Pero de cuando Chaplin era Chaplín…
Con acento en la i.
Es decir, de cuando éramos pibes.
Y es que Chaplín sonaba a risa…,
a travesura…,a Ring Raje…, a alegría
Y reíamos con Carlitos vigilante, bombero, boxeador, buscador de oro, vagabundo o presidiario.
Marginado siempre, pero nunca cobarde ni traidor.
Y cómo no querer a ese gentleman orillero, a ese atorrante mundano, capaz de enfrentarse a cualquiera por una causa justa o por la mujer amada.
Desde la risa lo empezamos a querer.
Con el tiempo, Chaplín se convirtió en Charles Chaplin, y aquellas carcajadas dejaron paso a la reflexión; fue cuando descubrimos que en cada película suya había un reclamo, una denuncia, un problema social, una rebeldía contra las injusticias y el abuso de poder.
Aquel cine mudo era el grito de los desprotegidos.
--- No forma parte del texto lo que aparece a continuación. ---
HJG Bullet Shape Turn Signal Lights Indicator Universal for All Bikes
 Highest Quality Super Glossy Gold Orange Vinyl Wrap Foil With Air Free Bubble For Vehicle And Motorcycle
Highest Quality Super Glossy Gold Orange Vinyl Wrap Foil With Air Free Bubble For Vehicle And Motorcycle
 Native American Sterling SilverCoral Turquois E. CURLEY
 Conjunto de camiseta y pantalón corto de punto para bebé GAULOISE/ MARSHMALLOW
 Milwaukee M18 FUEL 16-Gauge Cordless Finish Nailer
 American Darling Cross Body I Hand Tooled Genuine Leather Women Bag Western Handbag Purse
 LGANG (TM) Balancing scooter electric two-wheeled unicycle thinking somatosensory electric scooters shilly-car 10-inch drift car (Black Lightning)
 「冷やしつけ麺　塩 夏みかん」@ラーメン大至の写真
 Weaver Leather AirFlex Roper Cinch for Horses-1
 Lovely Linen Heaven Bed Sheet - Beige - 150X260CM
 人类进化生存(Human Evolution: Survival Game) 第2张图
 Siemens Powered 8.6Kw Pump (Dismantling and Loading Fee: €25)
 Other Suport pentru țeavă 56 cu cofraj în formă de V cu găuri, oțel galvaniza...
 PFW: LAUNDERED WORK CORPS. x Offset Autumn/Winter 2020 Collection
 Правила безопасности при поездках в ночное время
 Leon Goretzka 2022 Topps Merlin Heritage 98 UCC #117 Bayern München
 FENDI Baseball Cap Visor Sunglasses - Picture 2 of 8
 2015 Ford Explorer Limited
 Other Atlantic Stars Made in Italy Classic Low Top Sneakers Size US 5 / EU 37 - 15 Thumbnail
Esa fue la clave que lo hizo grande.
Y es en esa clave que en la película “El Gran Dictador”, desde la figura siniestra de un ser que es sinónimo de muerte como Hitler, hace un discurso extraordinario, lleno de esperanza, de deseo de unión y hermandad entre los hombres.
Me refiero a la escena final de esta película.
Lo que ahí vemos es utópico, pero qué otra historia sería la de la humanidad de ser posible.
Lo que significa esta escena, lo que allí se propone, es a mi entender aquello por lo que vale la pena vivir.